Ce soir, le vrombissement des motos et des tuk-tuks agitant les bannières des 20 partis candidats s’est enfin arrêté, après avoir défilé toute la journée sur les routes du pays, constate notre correspondante à Phnom Penh, Juliette Buchez.
Tout au long de la campagne, c’est le logo du CPP, le Parti du Peuple cambodgien dirigé par le Premier ministre Hun Sen, qui a le plus occupé l’espace public. L’ultime rassemblement du parti de la majorité aurait attiré près de 250 000 participants à Phnom Penh.
Des estimations sans doute exagérées, mais c’est aussi le cas de celles des 19 autres partis. En comparaison, ceux-ci auraient rassemblé de quelques centaines de participants à 50 000 pour le parti de la Ligue pour la démocratie, scandant parfois « Hun Sen on arrive ».
La trêve électorale s’ouvre ce vendredi soir, à l’issue d’une campagne très critiquée, suite à la dissolution en novembre du Parti du sauvetage national du Cambodge (CNRP), le principal parti d’opposition. Ce dernier avait remporté 44,5 % des voix en 2013.
Son leader, Kem Sokha, a été emprisonné pour trahison. Cette absence a pesé sur toute la campagne qui, à en croire certains Cambodgiens, n’aurait pas suscité le même suspense, la même ferveur que lors du précédent scrutin.
Malgré la candidature des 19 autres partis, beaucoup prédisent donc déjà la victoire du CPP de Hun Sen, au pouvoir depuis 33 ans.
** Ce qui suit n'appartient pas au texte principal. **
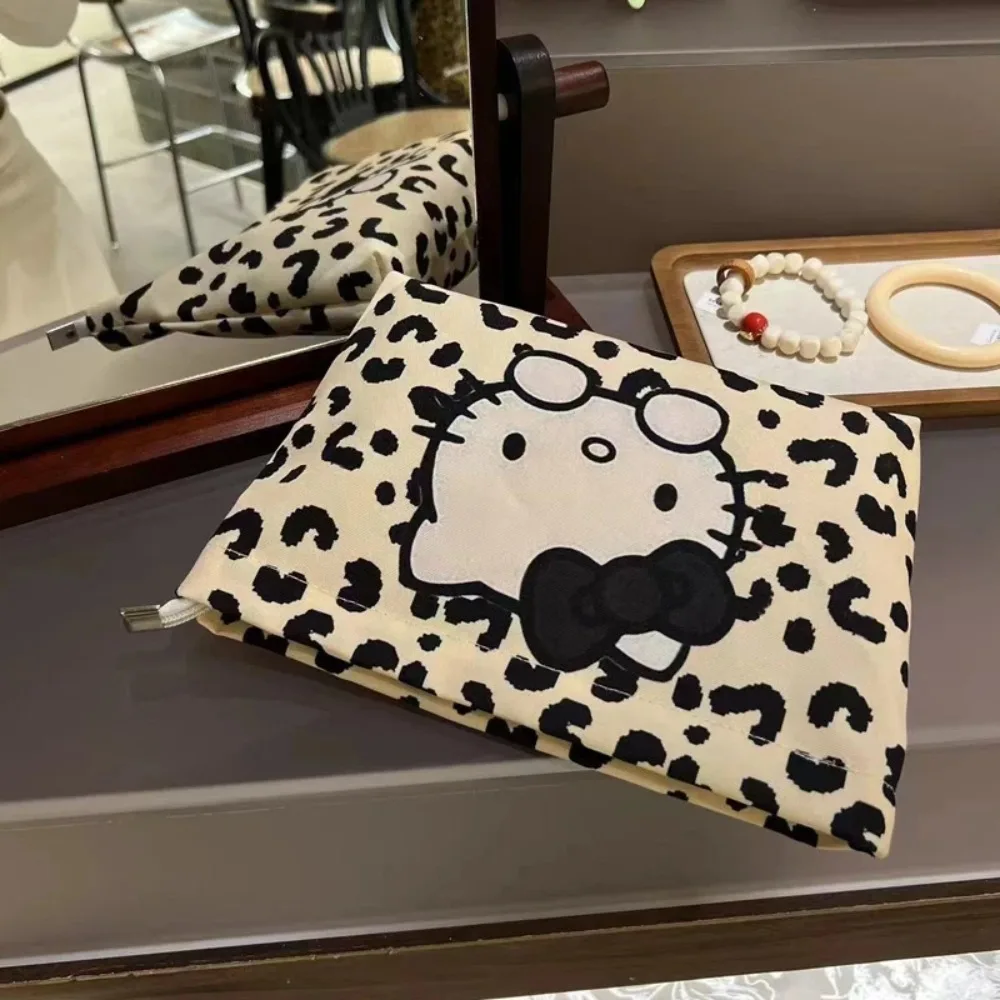 Vintage leopardo impressão olá kitty saco de maquiagem armazenamento portátil dos desenhos animados bonito kawaii japonês olá kitty saco de armazenamento presente aniversário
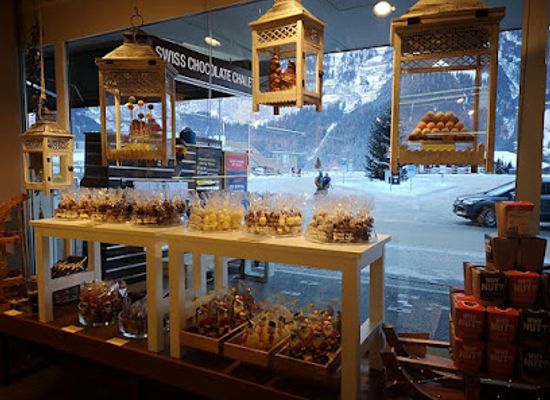 switzerland/grindelwald/shop/swiss-chocolate-chalet-grindelwald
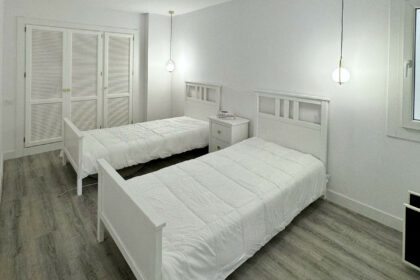 29b6f7ba139f14b8e149bbda86e64a43 - 35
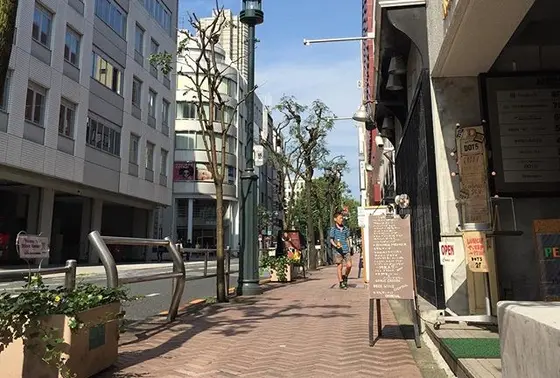 場所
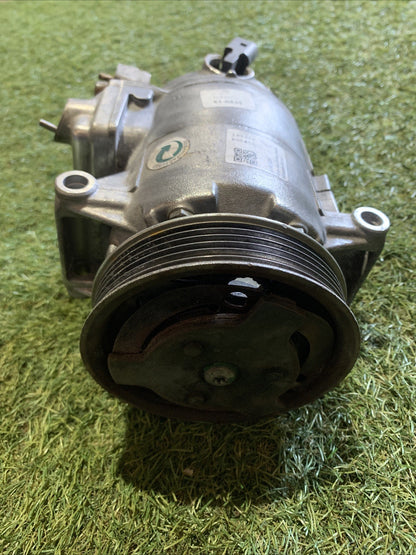 Compressore Aria Condizionata Audi A1 2010 1.6 Diesel 01140562M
Appels au boycott de l'élection
Les principaux opposants au régime encore en liberté sont partis en exil par peur de représailles et appellent depuis l’étranger au boycott du scrutin, décrit comme une mascarade. Monovithya Kem, chargée de communication du CNRP affirme n’avoir « pas d’autre choix ». Puisque son parti est exclu de la course, « il est donc évident que tous les électeurs qui soutiennent le CNRP n'ont aucune raison d'aller voter, puisque leur parti n'est pas représenté ».
Mais ces appels risquent de ne pas avoir un impact « important », estime Sokry Zahron, membre du Politikoffee, un forum qui encourage les jeunes à débattre en politique. En effet, plus la date de l'élection approche et plus l’étau se resserre contre toute forme de contestation.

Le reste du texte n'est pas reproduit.